Exercise requirements » Each line below must be reproduced exactly, though the pictures are to be dropped.

==========

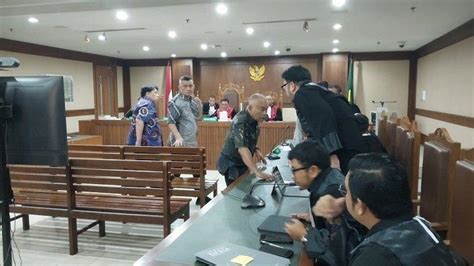 Di Sidang Korupsi Timah Terdakwa Eks Dirut Timah Riza Pahlevi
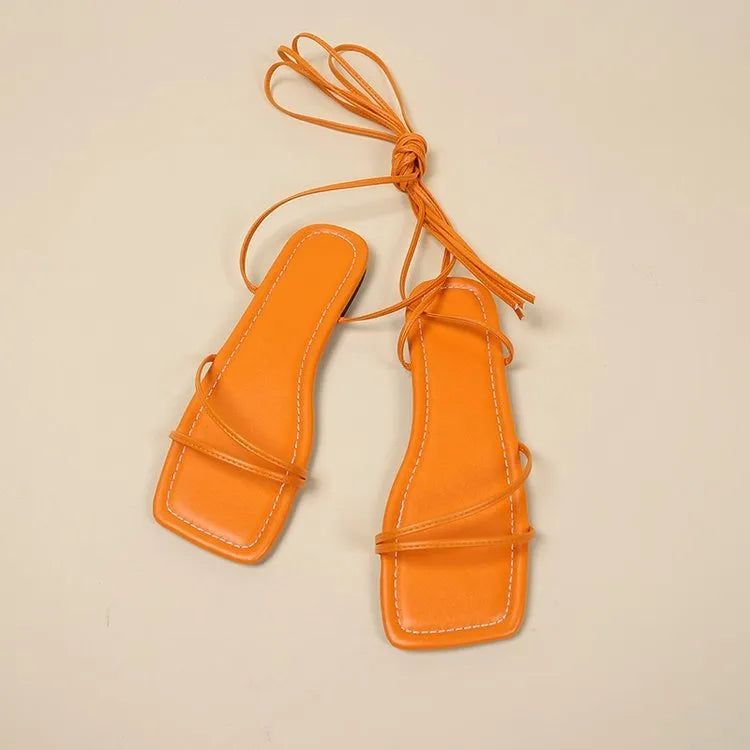 Women's flat sandals with square toe and ankle ring bandage detail in PU and rubber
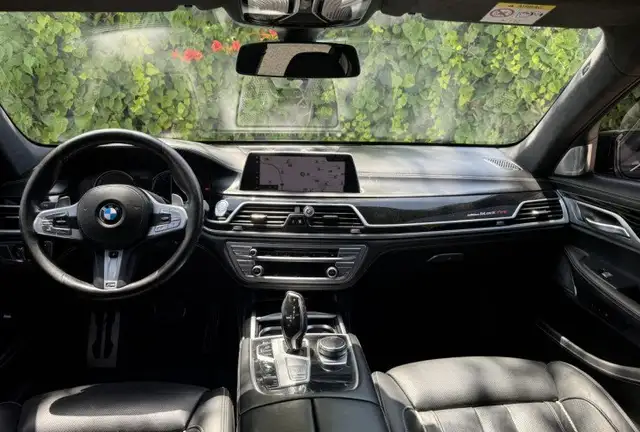 BMW 7 Series view 13
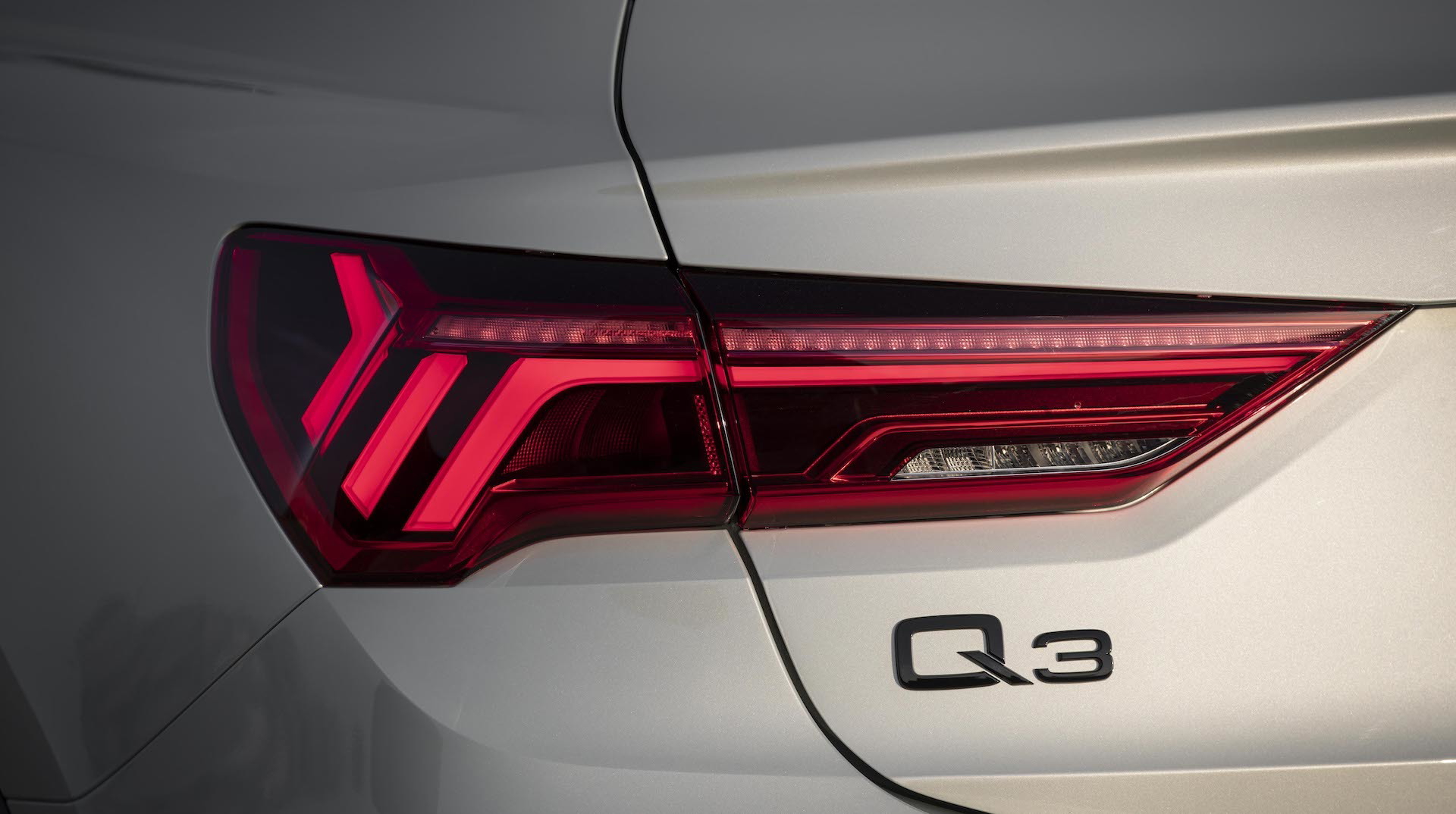 Vista cercana de la luz trasera LED del Audi Q3 Sportback, mostrando diseño y tecnología.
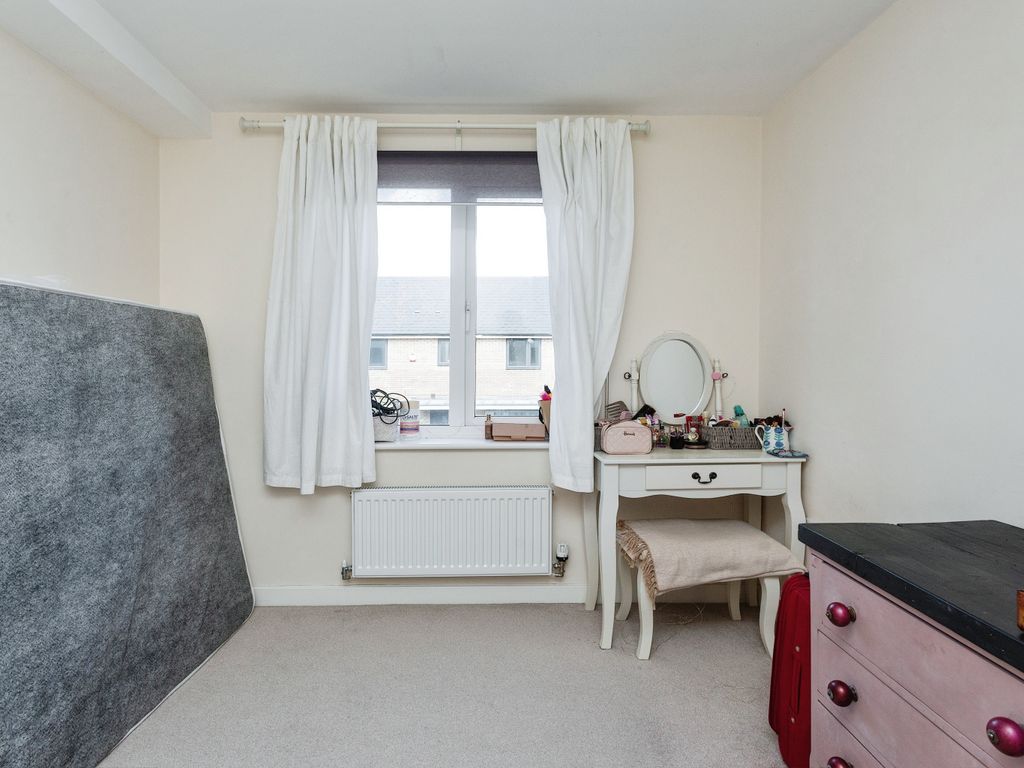 2 bed terraced house for sale in Selkirk Drive, Oakridge Park, Milton Keynes, Buckinghamshire MK14, £275,000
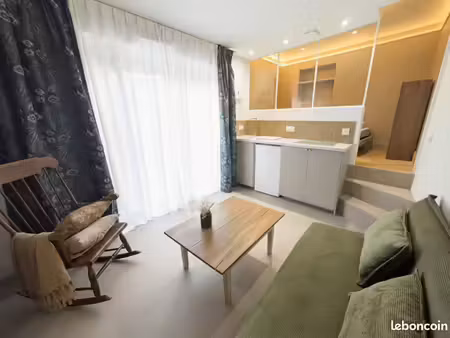 studio meublé rénové – tout inclus – cour intérieure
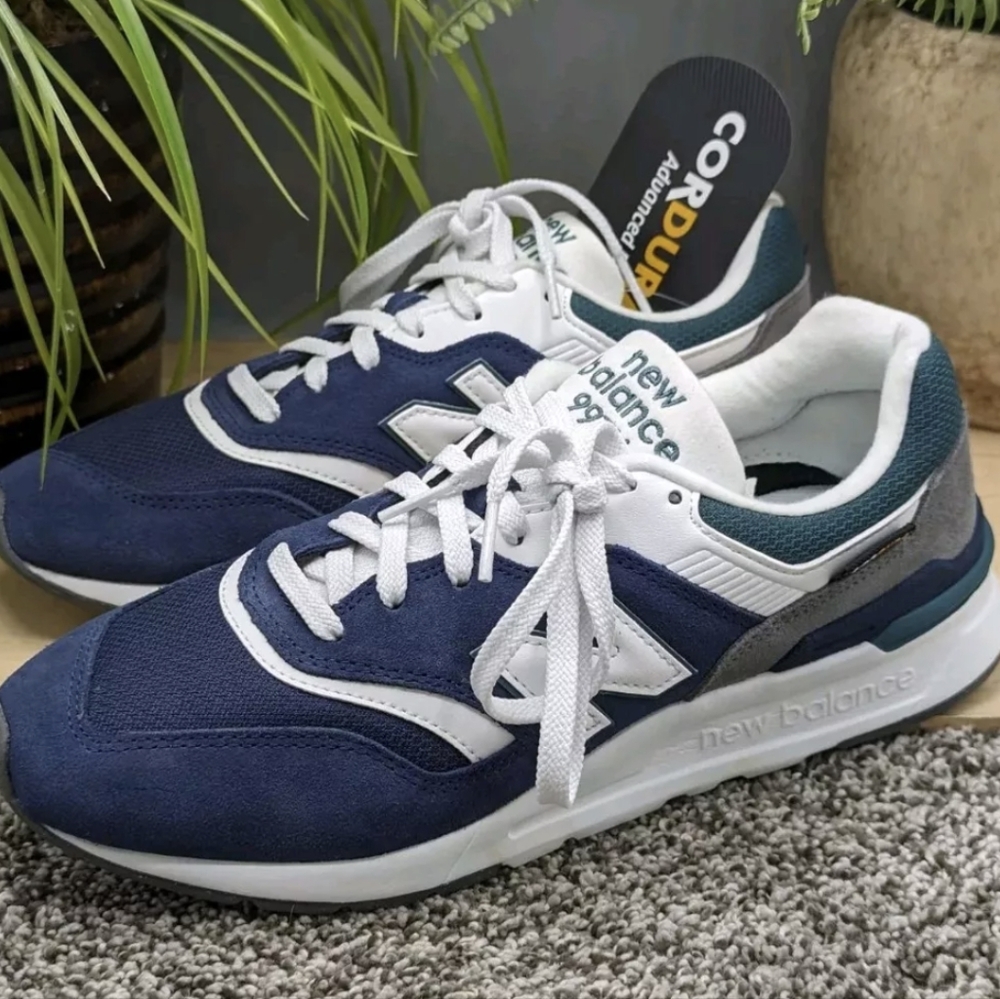 New - New Balance 997 Blue Green Women's Size 8.5 Running Workout Shoes
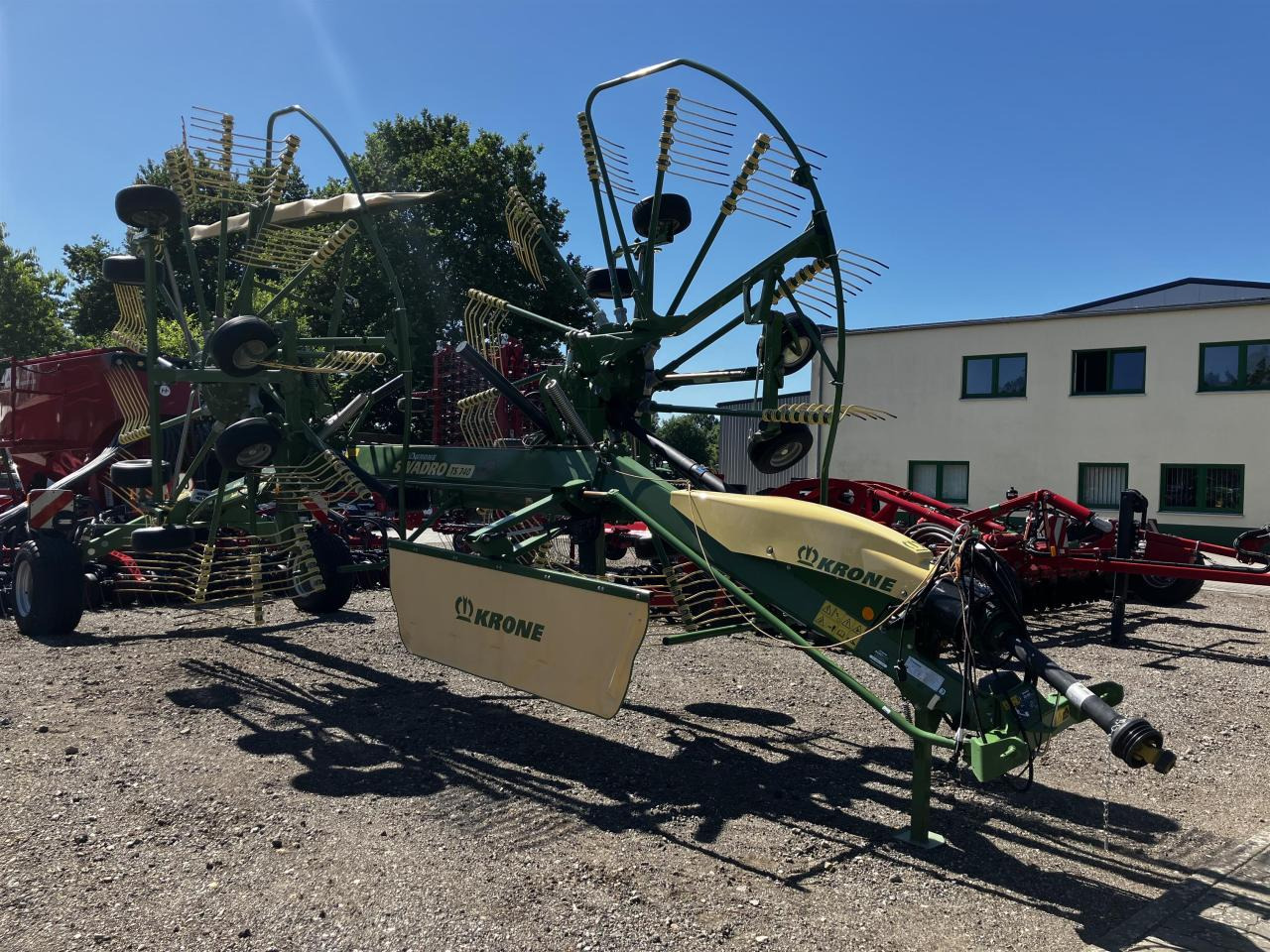 Krone Swadro TS 740 Twin - Tedder/ Rake: picture 2 Krone Swadro TS 740 Twin - Tedder/ Rake: picture 2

==========

Task answer »
 Di Sidang Korupsi Timah Terdakwa Eks Dirut Timah Riza Pahlevi
 Women's flat sandals with square toe and ankle ring bandage detail in PU and rubber
 BMW 7 Series view 13
 Vista cercana de la luz trasera LED del Audi Q3 Sportback, mostrando diseño y tecnología.
 2 bed terraced house for sale in Selkirk Drive, Oakridge Park, Milton Keynes, Buckinghamshire MK14, £275,000
 studio meublé rénové – tout inclus – cour intérieure
 New - New Balance 997 Blue Green Women's Size 8.5 Running Workout Shoes
 Krone Swadro TS 740 Twin - Tedder/ Rake: picture 2 Krone Swadro TS 740 Twin - Tedder/ Rake: picture 2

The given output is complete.